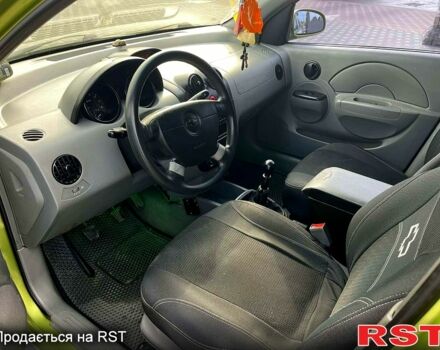 Зеленый Шевроле Авео, объемом двигателя 1.5 л и пробегом 250 тыс. км за 2600 $, фото 7 на Automoto.ua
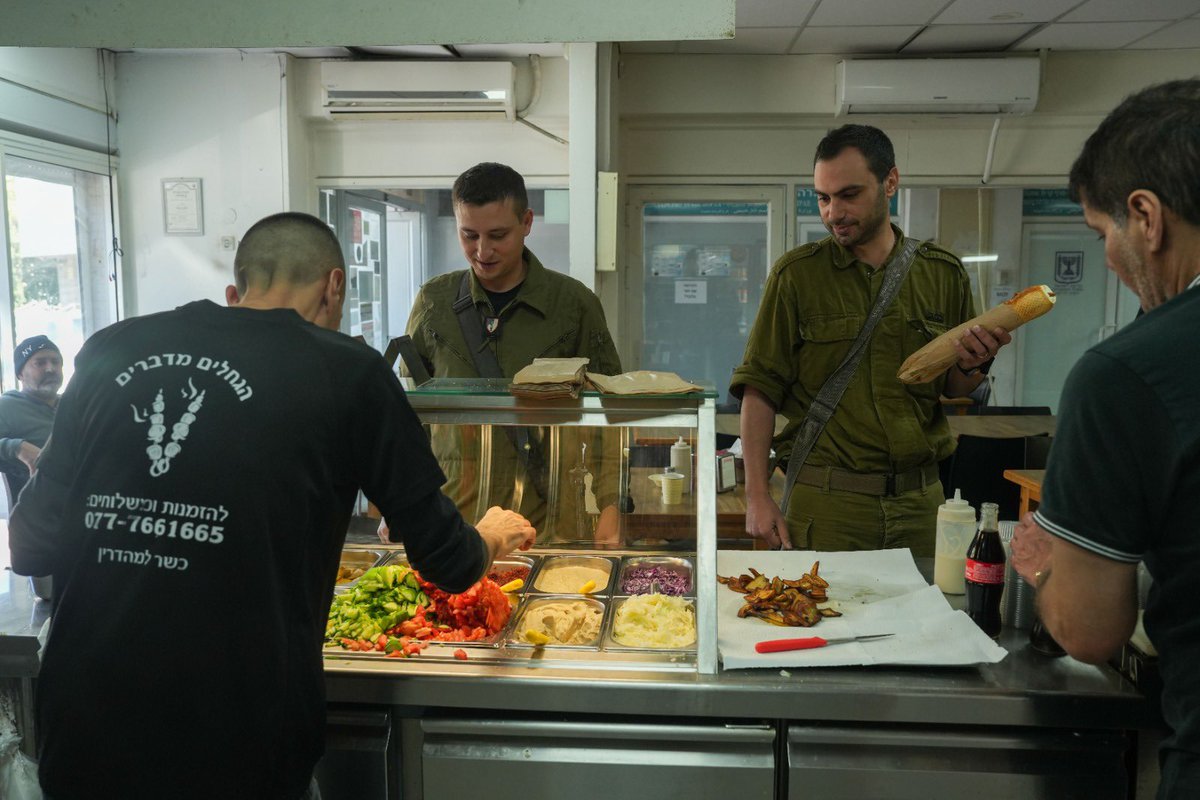 מילואימניקים? חברים של? 'ישראל היום' פה בשבילכם.
ספרו לנו על העסק שלכם במייל - rikuz@israelhayom.co.il, היכן הוא ודרכי התקשרות. אנחנו ניצור קשר וננסה לסייע, לקדם ולפרסם ב״ישראל היום״. יחד נצמיח מחדש את העסקים בישראל.
צילום: אייל מרגולין - ג׳יני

Action item
An exact reproduction of the data is required, with pictures excluded.

Your solution
 Зеленый Шевроле Авео, объемом двигателя 1.5 л и пробегом 250 тыс. км за 2600 $, фото 7 на Automoto.ua
 מילואימניקים? חברים של? 'ישראל היום' פה בשבילכם.
ספרו לנו על העסק שלכם במייל - rikuz@israelhayom.co.il, היכן הוא ודרכי התקשרות. אנחנו ניצור קשר וננסה לסייע, לקדם ולפרסם ב״ישראל היום״. יחד נצמיח מחדש את העסקים בישראל.
צילום: אייל מרגולין - ג׳יני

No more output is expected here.